Tiene un presupuesto que puede llegar a rondar entre los 25 y 40 euros por persona, lo que lo convierte en una de las opciones más económicas del Mediterráneo. Además, ofrece multitud de planes diferentes. Para quienes prefieren un turismo cultural, destacan ciudades como Berat, conocida por sus casas de estilo otomano y que alberga tres barrios considerados Patrimonio de la Humanidad por la Unesco; Gjirokastër, conocida por su fortaleza medieval, y la capital del país, Tirana.

Para quienes prefieren unas vacaciones donde primen el sol y la playa, Ksamil es una de las zonas costeras más populares del país. Destaca por su mar turquesa y su cercanía a pequeñas islas de la zona. Incluso puedes encontrar pueblos alpinos ideales para hacer senderismo, como el Valle de Theth.
Rumanía
Rumanía es uno de los países más asequibles de la Unión Europea. Su presupuesto puede variar entre 30 y 45 euros por persona y día. Tiene uno de los transportes públicos más baratos de Europa a pesar de que muchos de los trayectos pueden ser de gran duración.

Rumanía cuenta con una gran variedad de atractivos turísticos. Desde regiones medievales como Transilvania, y ciudades como Braşov, Sibiu o Cluj-Napoca, hasta castillos como el de Peleş y Bran, más conocido como el de Drácula y monasterios. Tiene además uno de los parques termales más grandes de Europa, el Therme Bucarest, y el parlamento más grande del mundo.
Portugal
Más cerca de España, se encuentra Portugal, un destino accesible, cercano y con una excelente relación calidad-precio. Aunque en ciudades como Lisboa u Oporto se hayan aumentado los precios en los últimos años, todavía existe la posibilidad de realizar un viaje bastante económico. En estas ciudades se pueden pasar las vacaciones por un precio de entre 45 y 60 euros por persona. Además, el precio baja a medida que te alejas de los grandes epicentros.
Uno de los grandes atractivos de Portugal es su gastronomía. Ofrecen comida de muy buena calidad a bajos precios. Otro de los grandes destacados es el transporte del país. Cuenta con una red de trenes, tranvías y autobuses que conectan el país prácticamente al completo, haciendo que visitar distintas ciudades sea muy sencillo.

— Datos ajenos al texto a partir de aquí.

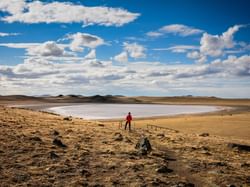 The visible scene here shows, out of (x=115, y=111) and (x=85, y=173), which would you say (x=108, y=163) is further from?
(x=115, y=111)

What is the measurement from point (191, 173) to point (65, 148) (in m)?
8.87

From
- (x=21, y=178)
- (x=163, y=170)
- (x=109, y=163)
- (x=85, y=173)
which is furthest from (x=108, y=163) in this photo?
(x=21, y=178)

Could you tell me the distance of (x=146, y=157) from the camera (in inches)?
874

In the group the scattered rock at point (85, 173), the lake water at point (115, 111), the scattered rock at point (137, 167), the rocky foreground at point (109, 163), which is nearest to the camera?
the rocky foreground at point (109, 163)

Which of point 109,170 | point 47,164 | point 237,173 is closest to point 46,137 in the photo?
point 47,164

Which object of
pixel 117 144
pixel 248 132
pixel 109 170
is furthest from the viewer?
pixel 248 132

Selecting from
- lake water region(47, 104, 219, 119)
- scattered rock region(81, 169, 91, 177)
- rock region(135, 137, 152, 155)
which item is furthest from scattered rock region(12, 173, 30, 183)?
lake water region(47, 104, 219, 119)

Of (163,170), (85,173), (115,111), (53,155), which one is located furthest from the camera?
(115,111)

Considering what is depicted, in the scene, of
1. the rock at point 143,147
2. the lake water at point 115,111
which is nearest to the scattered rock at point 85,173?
the rock at point 143,147

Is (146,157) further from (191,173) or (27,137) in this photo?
(27,137)

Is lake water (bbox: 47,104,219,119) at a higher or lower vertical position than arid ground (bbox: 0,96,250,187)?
lower

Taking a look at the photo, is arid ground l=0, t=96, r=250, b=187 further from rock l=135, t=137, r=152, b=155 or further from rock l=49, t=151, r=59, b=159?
rock l=135, t=137, r=152, b=155

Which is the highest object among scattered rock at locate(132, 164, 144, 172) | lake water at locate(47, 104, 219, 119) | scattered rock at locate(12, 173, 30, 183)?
scattered rock at locate(132, 164, 144, 172)

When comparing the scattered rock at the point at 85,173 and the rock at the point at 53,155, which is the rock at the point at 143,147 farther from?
the scattered rock at the point at 85,173
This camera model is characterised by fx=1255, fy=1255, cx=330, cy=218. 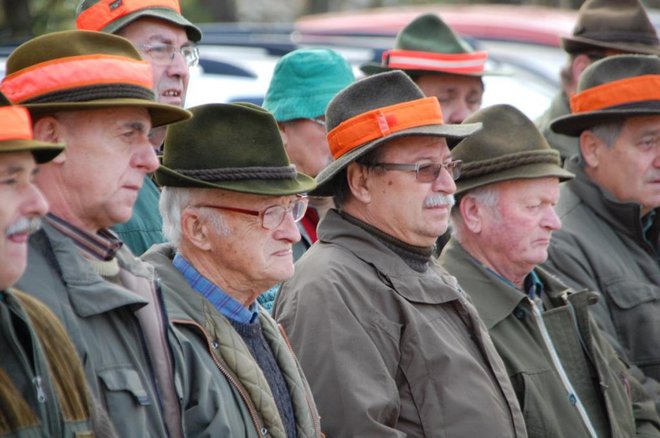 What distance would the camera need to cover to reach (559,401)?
5.18 metres

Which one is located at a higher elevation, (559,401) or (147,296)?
(147,296)

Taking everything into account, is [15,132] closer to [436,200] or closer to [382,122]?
[382,122]

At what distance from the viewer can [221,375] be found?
3926 mm

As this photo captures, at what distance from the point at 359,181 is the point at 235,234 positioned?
90 cm

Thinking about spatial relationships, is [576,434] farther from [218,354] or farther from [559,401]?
[218,354]

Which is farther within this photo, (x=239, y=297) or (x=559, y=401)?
(x=559, y=401)

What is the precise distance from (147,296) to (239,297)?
21.4 inches

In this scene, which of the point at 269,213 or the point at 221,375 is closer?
the point at 221,375

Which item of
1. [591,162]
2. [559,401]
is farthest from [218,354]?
[591,162]

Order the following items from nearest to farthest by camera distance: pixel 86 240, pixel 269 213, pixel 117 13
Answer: pixel 86 240 → pixel 269 213 → pixel 117 13

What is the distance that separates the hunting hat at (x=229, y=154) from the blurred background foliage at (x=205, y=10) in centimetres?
363

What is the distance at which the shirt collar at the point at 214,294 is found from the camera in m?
4.14

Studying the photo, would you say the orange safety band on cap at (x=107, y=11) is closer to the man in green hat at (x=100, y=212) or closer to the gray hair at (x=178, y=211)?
the gray hair at (x=178, y=211)

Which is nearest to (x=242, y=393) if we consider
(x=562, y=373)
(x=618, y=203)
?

Además de Lisboa y Oporto, Portugal ofrece lugares como Sintra, Coimbra, Belém o Alfama. Estos destinos permiten disfrutar de historia, arquitectura, miradores, gastronomía y paisajes únicos sin necesidad de realizar un gran gasto.
Bulgaria
Aunque los vuelos pueden ser más caros que en el resto de países, Bulgaria, en cuestión de hospedaje y gastronomía cuenta con precios muy asequibles. Puede costar entre 30 y 45 euros al día por persona.

Su capital, Sofía, destaca por su arquitectura de herencia otomana y mezcla soviética. Además, se encuentra a poca distancia de la montaña Vitosha, ideal para hacer senderismo y deportes de invierno.
Además, las costas del mar negro son amplias y muy bien cuidadas, donde comer y pasar el día al sol puede costar menos de 5 euros. Tiene un rico nivel cultural, pues cuenta con teatros romanos como los de la ciudad de Plovdiv, los Siete Lagos de Rila junto con su monasterio, o incluso monumentos tan emblemáticos como la catedral ortodoxa de de Alejandro Nevski, la mezquita Banya Bashi o el Palacio Real.